» EXERCISE DIRECTIONS:
Which lines below fall between the one containing "Garly Kitchen 10.6-Qt" and the one containing "BLASHRD Juego de"? Repeat them exactly, counting both of those lines, and add nothing else.

» SUPPLIED MATERIAL:
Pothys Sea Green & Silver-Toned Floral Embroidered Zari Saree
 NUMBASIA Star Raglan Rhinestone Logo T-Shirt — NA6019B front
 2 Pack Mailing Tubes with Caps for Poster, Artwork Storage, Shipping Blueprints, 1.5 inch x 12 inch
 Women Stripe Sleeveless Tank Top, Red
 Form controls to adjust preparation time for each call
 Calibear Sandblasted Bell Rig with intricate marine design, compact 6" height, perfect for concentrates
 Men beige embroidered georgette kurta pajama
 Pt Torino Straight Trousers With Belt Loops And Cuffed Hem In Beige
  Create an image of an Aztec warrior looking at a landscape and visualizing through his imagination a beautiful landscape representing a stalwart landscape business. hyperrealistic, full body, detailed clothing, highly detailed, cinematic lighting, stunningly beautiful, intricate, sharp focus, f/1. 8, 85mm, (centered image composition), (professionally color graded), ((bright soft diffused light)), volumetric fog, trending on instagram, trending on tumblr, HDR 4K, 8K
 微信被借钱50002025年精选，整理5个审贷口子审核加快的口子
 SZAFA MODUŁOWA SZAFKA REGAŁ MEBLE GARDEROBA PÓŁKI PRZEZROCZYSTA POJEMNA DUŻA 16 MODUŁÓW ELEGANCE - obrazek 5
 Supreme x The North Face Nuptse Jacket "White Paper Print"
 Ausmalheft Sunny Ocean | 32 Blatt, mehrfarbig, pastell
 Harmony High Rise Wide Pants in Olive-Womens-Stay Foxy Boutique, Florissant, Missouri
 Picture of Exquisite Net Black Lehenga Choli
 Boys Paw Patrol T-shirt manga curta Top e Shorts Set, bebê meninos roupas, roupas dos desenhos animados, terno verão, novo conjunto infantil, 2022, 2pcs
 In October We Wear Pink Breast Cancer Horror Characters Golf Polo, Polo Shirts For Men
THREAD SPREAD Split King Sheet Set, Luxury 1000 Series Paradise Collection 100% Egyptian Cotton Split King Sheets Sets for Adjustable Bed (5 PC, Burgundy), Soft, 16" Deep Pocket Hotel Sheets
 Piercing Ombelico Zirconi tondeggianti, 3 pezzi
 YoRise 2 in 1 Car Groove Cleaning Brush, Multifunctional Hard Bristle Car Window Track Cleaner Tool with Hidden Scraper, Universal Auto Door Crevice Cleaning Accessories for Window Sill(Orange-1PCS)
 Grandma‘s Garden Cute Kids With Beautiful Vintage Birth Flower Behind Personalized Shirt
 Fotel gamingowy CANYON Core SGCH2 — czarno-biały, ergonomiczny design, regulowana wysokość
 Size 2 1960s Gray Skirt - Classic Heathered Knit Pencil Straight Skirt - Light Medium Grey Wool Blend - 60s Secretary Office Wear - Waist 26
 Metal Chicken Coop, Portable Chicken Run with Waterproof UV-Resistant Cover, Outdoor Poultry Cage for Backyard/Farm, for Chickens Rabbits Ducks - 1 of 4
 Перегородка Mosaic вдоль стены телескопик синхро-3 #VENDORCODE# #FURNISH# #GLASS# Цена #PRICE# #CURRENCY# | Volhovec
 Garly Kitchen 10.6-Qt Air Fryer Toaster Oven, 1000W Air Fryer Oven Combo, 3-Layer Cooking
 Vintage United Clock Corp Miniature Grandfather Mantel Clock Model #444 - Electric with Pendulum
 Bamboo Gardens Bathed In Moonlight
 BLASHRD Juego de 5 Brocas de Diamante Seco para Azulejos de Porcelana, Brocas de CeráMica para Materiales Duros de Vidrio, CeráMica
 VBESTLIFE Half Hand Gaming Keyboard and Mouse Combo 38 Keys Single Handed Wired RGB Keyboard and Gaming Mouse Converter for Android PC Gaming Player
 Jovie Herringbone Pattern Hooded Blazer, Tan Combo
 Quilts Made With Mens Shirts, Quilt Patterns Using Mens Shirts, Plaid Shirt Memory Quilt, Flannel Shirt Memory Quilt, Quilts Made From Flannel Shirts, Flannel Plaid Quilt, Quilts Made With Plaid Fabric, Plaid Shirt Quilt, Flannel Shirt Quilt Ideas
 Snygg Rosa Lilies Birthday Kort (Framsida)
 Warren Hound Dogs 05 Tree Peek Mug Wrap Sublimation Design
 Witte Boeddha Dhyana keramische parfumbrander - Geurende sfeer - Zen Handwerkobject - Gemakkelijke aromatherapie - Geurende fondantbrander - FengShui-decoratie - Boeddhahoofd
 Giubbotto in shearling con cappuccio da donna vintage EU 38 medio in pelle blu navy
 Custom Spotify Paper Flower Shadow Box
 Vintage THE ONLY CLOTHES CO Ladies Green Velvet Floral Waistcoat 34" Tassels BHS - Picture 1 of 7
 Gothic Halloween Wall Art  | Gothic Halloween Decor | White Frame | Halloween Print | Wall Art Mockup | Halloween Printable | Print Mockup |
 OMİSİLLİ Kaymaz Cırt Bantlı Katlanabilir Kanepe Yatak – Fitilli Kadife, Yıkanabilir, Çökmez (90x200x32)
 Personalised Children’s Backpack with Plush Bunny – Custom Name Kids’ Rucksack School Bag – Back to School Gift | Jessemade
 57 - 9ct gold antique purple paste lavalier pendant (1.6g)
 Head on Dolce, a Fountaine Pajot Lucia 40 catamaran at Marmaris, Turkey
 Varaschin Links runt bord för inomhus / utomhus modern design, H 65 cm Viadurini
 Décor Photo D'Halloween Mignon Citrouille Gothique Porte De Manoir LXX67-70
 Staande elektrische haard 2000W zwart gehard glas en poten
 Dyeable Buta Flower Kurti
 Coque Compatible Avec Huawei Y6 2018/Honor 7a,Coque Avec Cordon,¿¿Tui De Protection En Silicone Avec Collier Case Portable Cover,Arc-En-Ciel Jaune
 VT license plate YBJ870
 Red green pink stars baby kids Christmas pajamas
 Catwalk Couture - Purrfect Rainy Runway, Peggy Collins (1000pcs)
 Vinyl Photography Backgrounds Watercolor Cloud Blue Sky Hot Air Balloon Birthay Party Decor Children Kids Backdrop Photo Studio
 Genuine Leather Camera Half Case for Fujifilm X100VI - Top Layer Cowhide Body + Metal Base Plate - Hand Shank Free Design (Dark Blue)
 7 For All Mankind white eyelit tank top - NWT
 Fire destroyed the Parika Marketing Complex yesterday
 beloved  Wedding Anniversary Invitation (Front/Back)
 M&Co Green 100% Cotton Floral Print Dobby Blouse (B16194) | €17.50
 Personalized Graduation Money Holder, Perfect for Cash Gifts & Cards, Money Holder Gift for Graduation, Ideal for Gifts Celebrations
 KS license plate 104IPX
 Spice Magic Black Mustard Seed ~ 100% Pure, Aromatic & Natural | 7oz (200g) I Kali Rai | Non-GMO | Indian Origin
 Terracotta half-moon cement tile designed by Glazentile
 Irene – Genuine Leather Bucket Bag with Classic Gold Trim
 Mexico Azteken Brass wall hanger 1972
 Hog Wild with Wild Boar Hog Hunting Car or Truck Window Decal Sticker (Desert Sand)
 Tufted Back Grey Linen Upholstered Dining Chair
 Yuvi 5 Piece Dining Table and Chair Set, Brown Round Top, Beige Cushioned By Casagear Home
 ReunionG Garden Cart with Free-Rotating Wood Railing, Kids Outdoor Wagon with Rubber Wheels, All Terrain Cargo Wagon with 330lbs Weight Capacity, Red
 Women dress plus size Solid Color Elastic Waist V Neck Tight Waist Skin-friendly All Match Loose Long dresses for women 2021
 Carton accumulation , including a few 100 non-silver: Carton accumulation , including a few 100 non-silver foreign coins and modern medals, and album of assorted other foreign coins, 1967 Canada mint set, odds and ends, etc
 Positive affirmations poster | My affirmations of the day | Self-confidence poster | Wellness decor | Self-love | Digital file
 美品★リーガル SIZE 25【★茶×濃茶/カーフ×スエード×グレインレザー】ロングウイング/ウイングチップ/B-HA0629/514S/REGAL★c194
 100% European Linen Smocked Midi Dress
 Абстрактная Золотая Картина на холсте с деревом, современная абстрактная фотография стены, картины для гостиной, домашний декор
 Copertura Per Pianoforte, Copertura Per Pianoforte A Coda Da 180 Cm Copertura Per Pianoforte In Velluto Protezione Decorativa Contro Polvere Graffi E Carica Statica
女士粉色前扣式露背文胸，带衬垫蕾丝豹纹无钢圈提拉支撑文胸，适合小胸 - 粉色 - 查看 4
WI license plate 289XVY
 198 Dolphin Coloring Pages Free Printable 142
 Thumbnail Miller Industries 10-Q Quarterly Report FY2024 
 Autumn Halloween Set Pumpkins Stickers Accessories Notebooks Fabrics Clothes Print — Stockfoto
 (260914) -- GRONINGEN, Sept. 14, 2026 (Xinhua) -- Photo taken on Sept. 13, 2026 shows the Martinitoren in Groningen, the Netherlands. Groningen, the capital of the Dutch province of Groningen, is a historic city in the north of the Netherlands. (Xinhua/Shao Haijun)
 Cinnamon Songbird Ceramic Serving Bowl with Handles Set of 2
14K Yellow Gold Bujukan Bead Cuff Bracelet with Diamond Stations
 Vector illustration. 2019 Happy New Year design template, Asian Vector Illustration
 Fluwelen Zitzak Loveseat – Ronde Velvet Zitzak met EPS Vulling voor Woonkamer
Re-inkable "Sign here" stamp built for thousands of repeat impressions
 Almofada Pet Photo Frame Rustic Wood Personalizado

» YOUR RESPONSE:
 Garly Kitchen 10.6-Qt Air Fryer Toaster Oven, 1000W Air Fryer Oven Combo, 3-Layer Cooking
 Vintage United Clock Corp Miniature Grandfather Mantel Clock Model #444 - Electric with Pendulum
 Bamboo Gardens Bathed In Moonlight
 BLASHRD Juego de 5 Brocas de Diamante Seco para Azulejos de Porcelana, Brocas de CeráMica para Materiales Duros de Vidrio, CeráMica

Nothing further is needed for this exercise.